Religion Rewritten, a religious view of nature and the universe.

 

Essay 4 - A Vocation To Re-Interpret Christianity.

        The clergy cannot see that it is they who have let the side down. The Last Discourses in John’s Gospel, said to have been delivered in the last hour before Christ was arrested and tried, are rightly regarded as central to the Gospels. They are the one occasion when Jesus is recorded as having opened his heart to his disciples; and it is understandable that he should have waited until the very end before doing so. They are wonderful reading; but record many uncomfortable sayings. One of the things Jesus is supposed to have told his disciples was that they should be able to do all that he had done, and greater things still because he was returning to heaven. The fearful gulf between theory and practice today makes one wonder how much credence should be given to these sayings, and other claims like the resurrection.
         The utter impotence of the clergy to heal anybody of anything stretches credulity to breaking point. They cannot understand that they must either admit in abject shame their impotence, or else be willing to re-interpret the Gospels and to suggest that this exhortation should rather be taken as an encouragement to attempt as much as one dare.
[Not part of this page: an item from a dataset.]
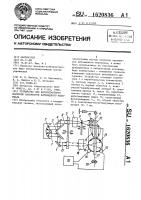 Устройство для бесконтактного контроля параметров нитевидного материала Устройство для бесконтактного контроля параметров нитевидного материала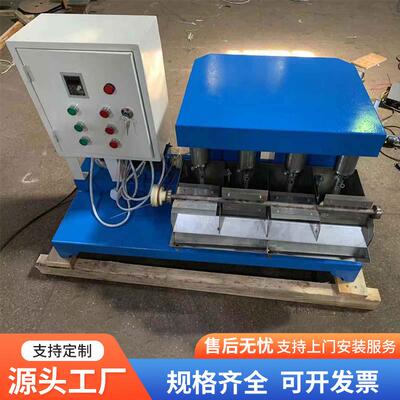 实验室连续浮选机FX2机械搅拌式连续浮选机微型闭路浮选机厂家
In sermon after sermon throughout a lifetime, I have been told what Jesus said and did, and then been told to follow his example; but the clergy themselves dare not take this particular exhortation literally, even though it does not stand on its own. It is backed up by other sayings, which are just as uncompromising. They even pursue the quest of the historical Jesus, begun by Albert Schweitzer, imagining like the alchemists that this will somehow reveal the secret of life; whereas it may only reveal how distressingly Jesus was circumscribed by the limited and parochial thinking of the society in which he lived. The cardinal mistake of the Churches is that they will not lift their eyes to take in Creation as a whole, and then readjust or re-interpret their religion to fit in with what they see. In brutal theological language they are committing idolatry, by regarding theological dogma as inexorable truth, when at best it is only a profile of the truth. And everyone knows God has no truck with idolaters!
        This distinction is something that a man accustomed to speaking with authority would regard as second nature. Having seen creation as a whole, he would not hesitate to readjust his ideas, secular and religious, to fit in with the way he and others were now looking at things. The clergy of the C.of E. seem incapable of doing this. They are imprisoned by the notion that Jesus is the answer to all their problems; and having piled anthropomorphic image on anthropomorphic image onto the Jesus that they have in their minds, they cannot let this image go. So faced with the distressing decline in numbers, they try to make the services more accessible by destroying the Liturgy, removing the pews, and destroying the solemnity. Convinced that something must be done, they feel a compulsion to do something; quite oblivious of the lack of logic, and lack of judgement involved.